Lots of these threads don't seem to make a proper comparison. From a purely financial point of view discussions I read here on this topic are often so simplistic as to be meaningless.
Homeowner occupiers have to pay for maintenance, upgrades, repairs, buildings insurance and also when purchasing conveyancing and stamp duty, not to mention them only paying a mortgage on X% of the property value because they have put down a desposit, so it's not equivalent to somebody paying rent which of course will be higher because renters are paying for the use of 100% of the property. You can't simply compare a monthly rental fee to a monthly mortgage payment and believe it is a direct comparison when that is clearly not the case at all.
Landlords are taxed on revenue as though it were profit and still need to pay all maintenance, insurance, safety checks, letting agent fees, energy compliance certification, buildings insurance etc. Most BTL mortgages are also interest only therefore the "paying off someone else's mortgage" thing that always gets asserted is in most cases a fallacy.
That said, there should be very clear and robustly enforced laws to ensure all rental property is maintained to an acceptable standard which much of British rental stock is not (including quite a lot of social housing). Sadly this would raise rental costs further, though.

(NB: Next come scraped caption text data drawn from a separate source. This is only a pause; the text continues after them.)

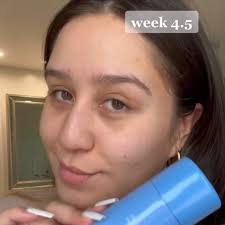 Amazon.com: Dermalogica Daily Milkfoliant, Face Exfoliator, Powder Scrub  Exfoliant with AHA and BHA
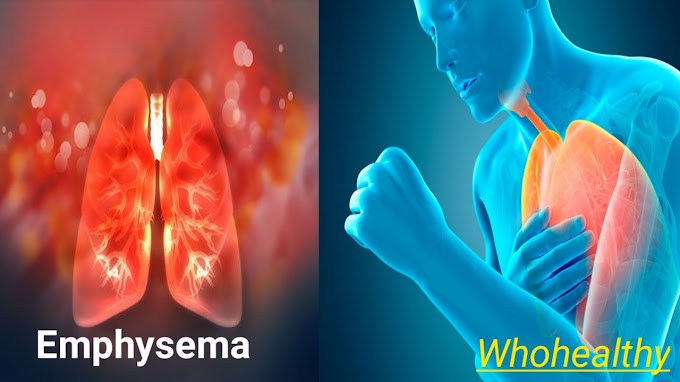 Emphysema : Symptoms and Causes - Whohealthy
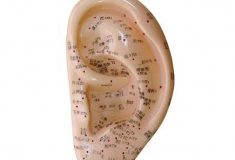 AURICULOTERAPIA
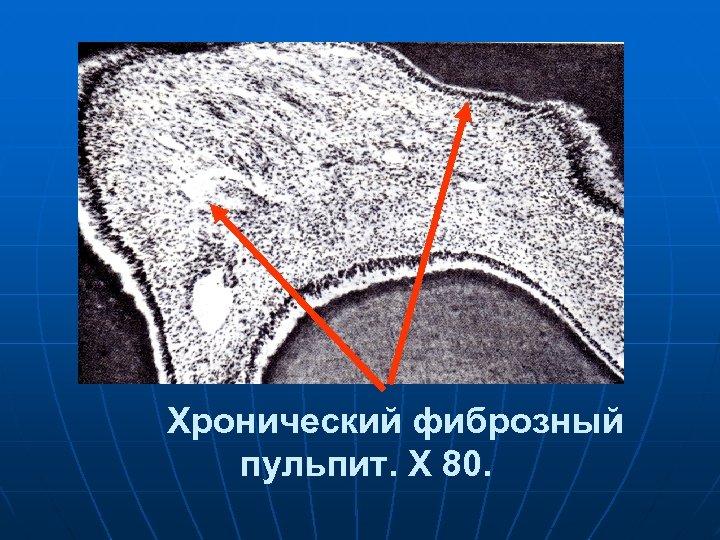 Хронический фиброзный пульпит. X 80. 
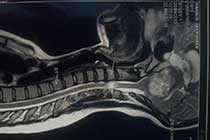 nf02 preop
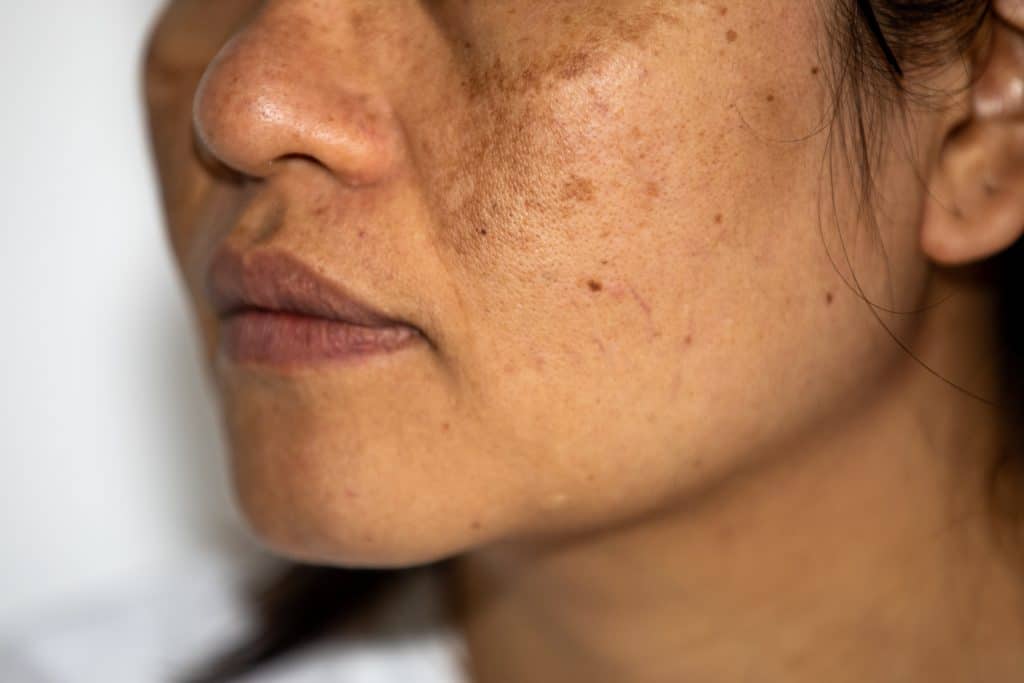 Comment se débarrasser de l’hyperpigmentation ?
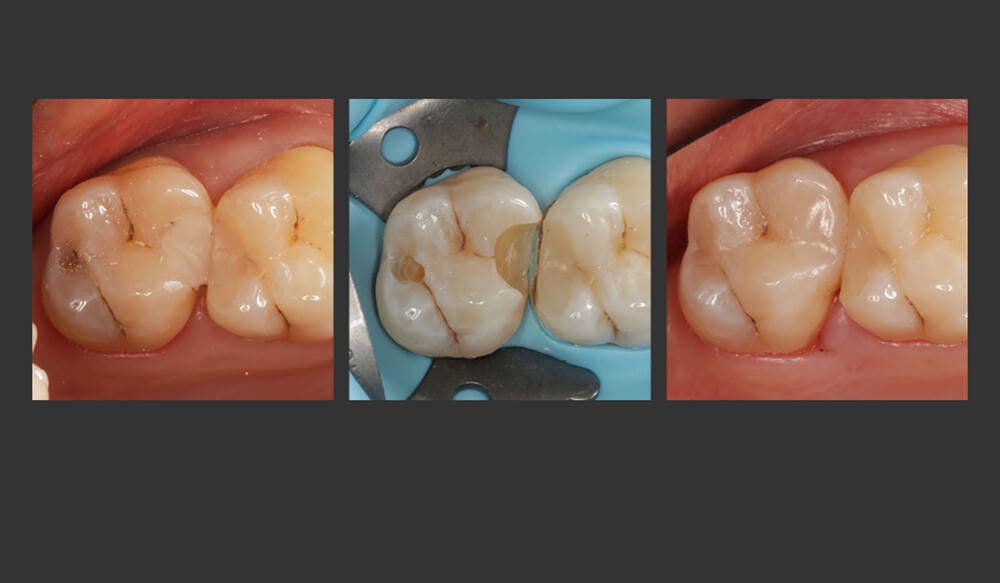CLEARFIL MAJESTY™ ES-2 Universal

Tenants should have stronger rights in some areas but in others it's clear that landlords are exiting the market partly due to it being so difficult and expensive to evict nightmare, non-paying tenants who trash their properties. Perhaps there need to be much harsher penalties for that and swift eviction for non-payment, with court fees charge to the tenant not landlord, but better protections for long-term tenants who pay on time. Maybe separate rules for those whol wish to let their property on a short-term or annual contract basis and those who want long-term tenants with the contract terms being explicit on this, so both parties can make an informed choice (as some people do want shorter term rentals and some don't).